2x Open server in HA (active-standby) On premise

2x Azure Checkpoint appliances in HA (active-standby)

1x Security management server 8 vcpu 32 Gb (VmWare)

We have a VPN tunnel between azure and on-premise.

top and htop are attached.

sincerely,

Bram

Dorit_Dor · ‎2022-03-04

If you recently upgraded, make sure that its not “still reindexing your logs” (after upgrade to r81x we reindex all the logs)

View solution in original post

Timothy_Hall · ‎2022-01-12

The nice (NI) value shown in top for the CPU-heavy java processes is 19, which means they are set for minimum CPU priority.
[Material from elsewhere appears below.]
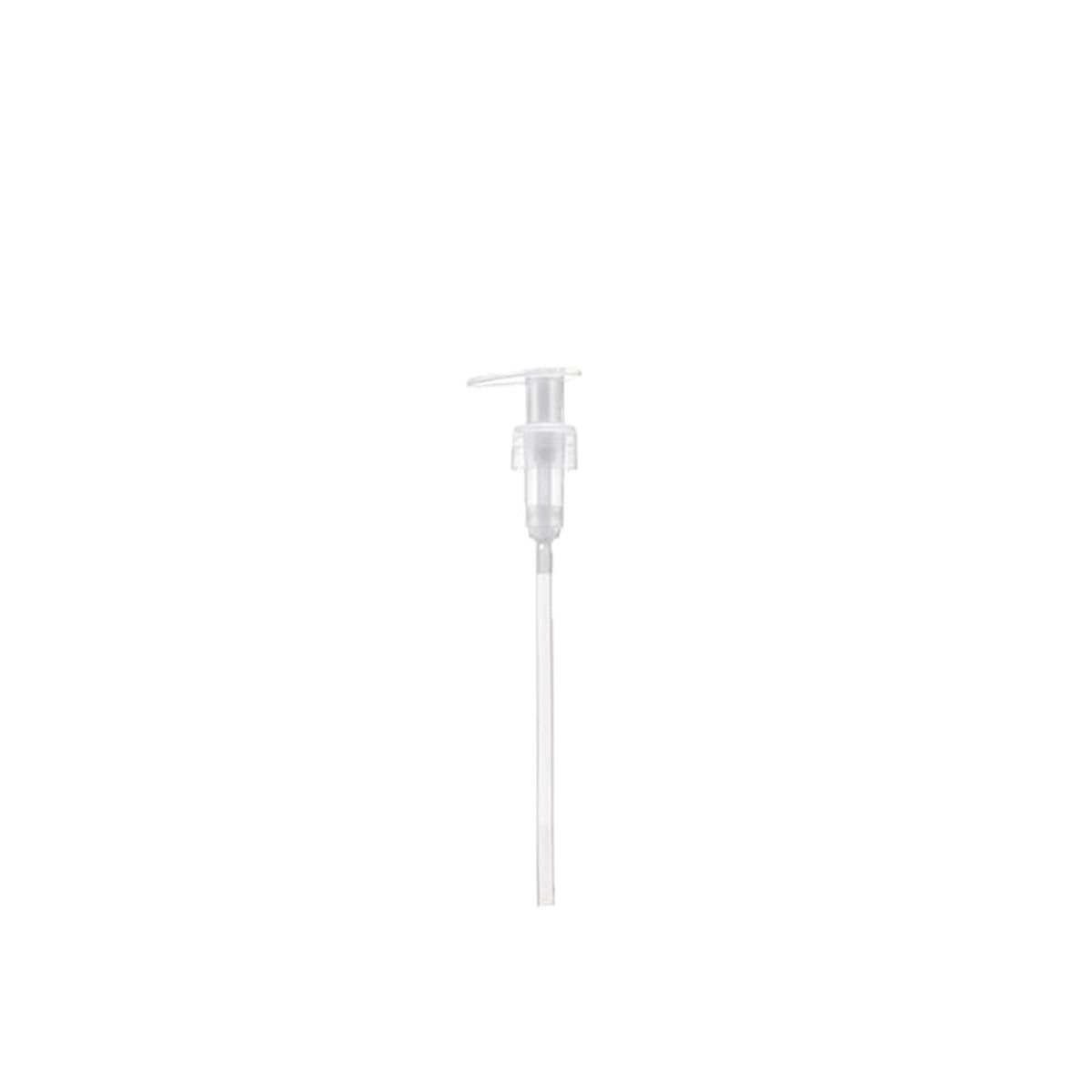 Aveda liter pump front view showing spout and screw-fit neck for neat dispensing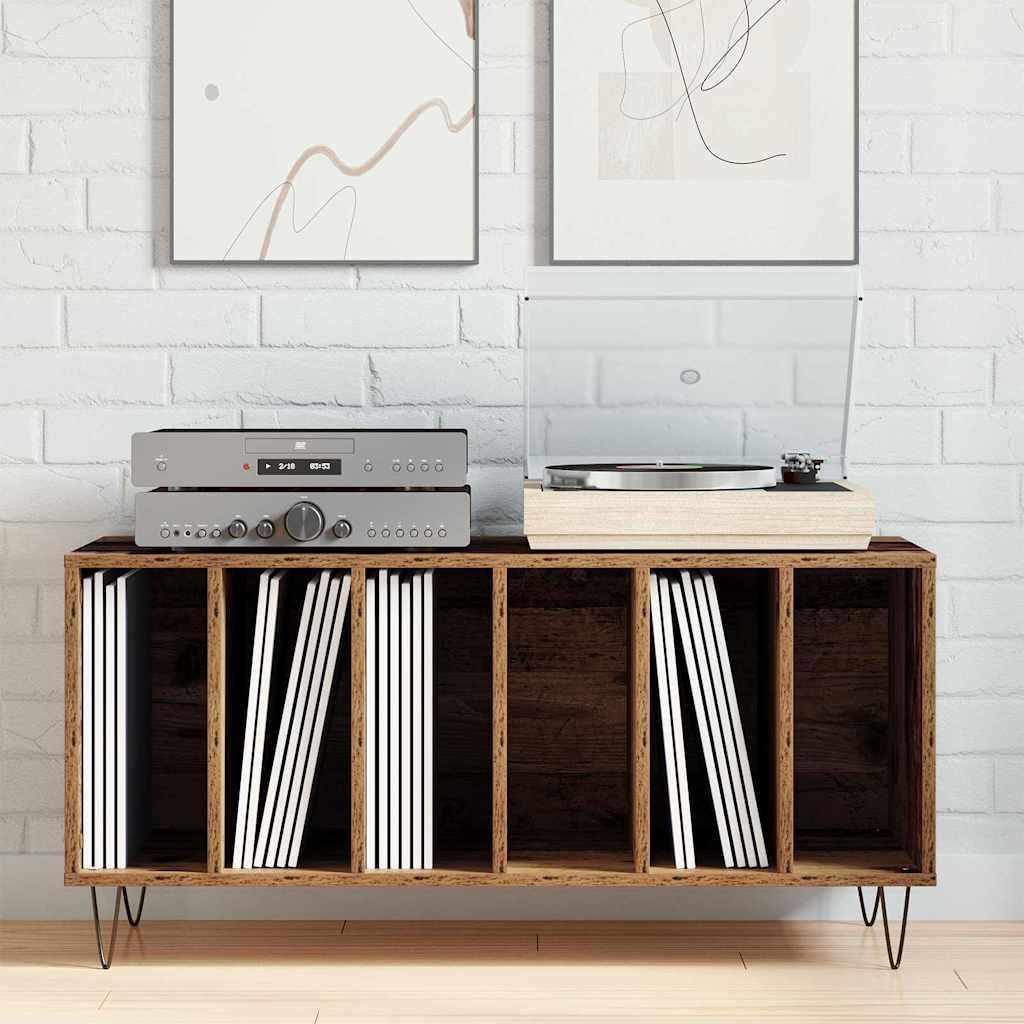 Armadio per dischi in legno anticato, 100 x 38 x 48 cm, con 6 ripiani e gambe in acciaio, per soggiorno, conservazione e ordine di vinile, CD, DVD, ricevitori, router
These are going to be your log_indexder and SOLR processes, which will get kicked off the CPU immediately if some other process needs to use it. There have been several other threads about this and it is expected behavior, if you are having issues with logs not showing up in a timely fashion there could be contention for the hard drive, although your waiting for I/O (wa) is showing as zero.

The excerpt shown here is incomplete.